> **TASK BRIEF**:
Wherever the line with "(Second from left)" sits in the listing below, transcribe from it up to and including the line with "cocina con mesa", exactly, and leave the remaining lines out.

> **RECORDS FOR THE EXERCISE**:
>>>>
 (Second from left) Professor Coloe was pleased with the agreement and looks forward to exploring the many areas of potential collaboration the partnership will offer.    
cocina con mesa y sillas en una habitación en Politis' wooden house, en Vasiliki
<<<<
>>>>
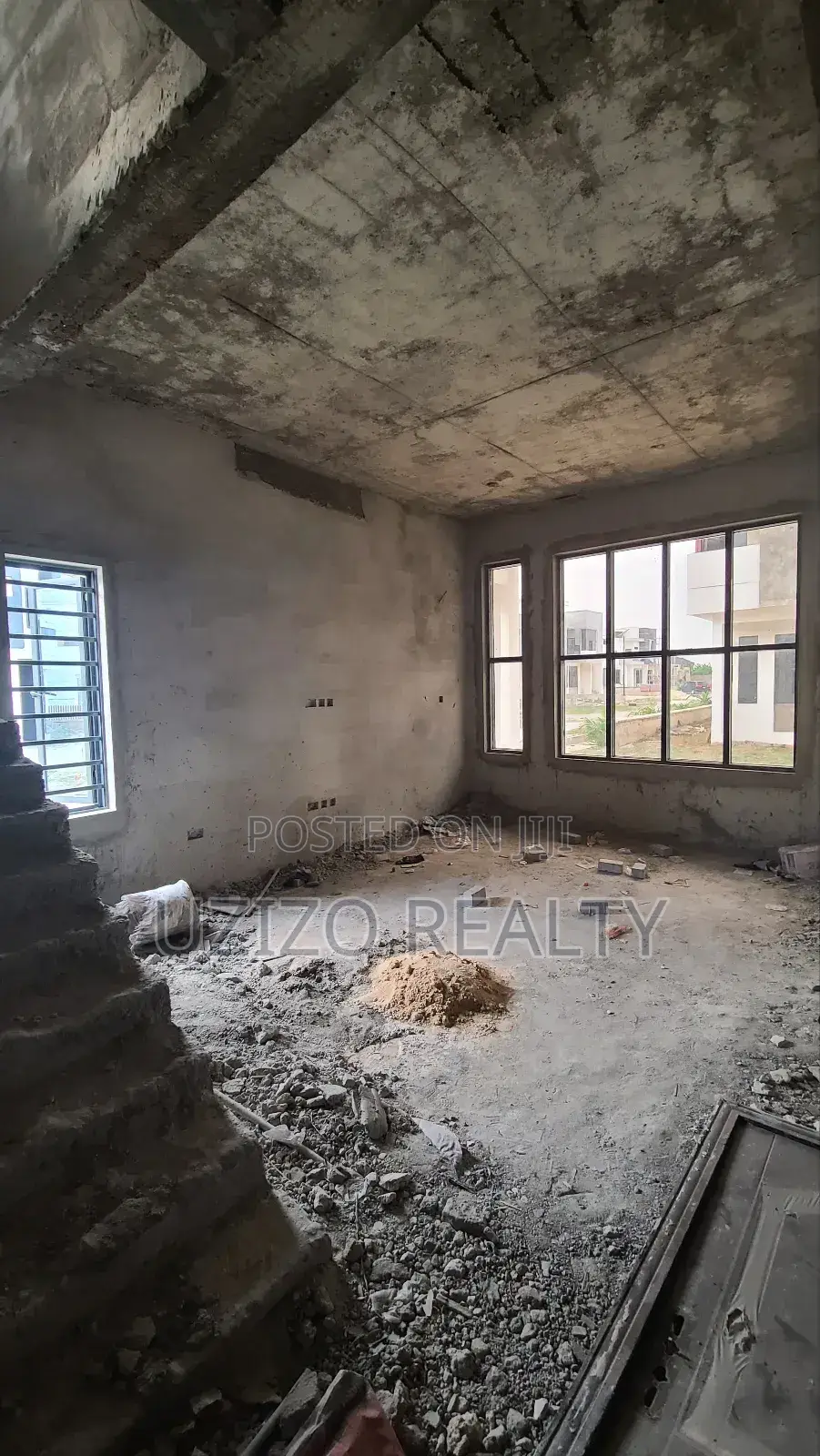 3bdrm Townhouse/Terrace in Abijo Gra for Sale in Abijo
<<<<
> **SOLUTION BELOW**:
 (Second from left) Professor Coloe was pleased with the agreement and looks forward to exploring the many areas of potential collaboration the partnership will offer.    
cocina con mesa y sillas en una habitación en Politis' wooden house, en Vasiliki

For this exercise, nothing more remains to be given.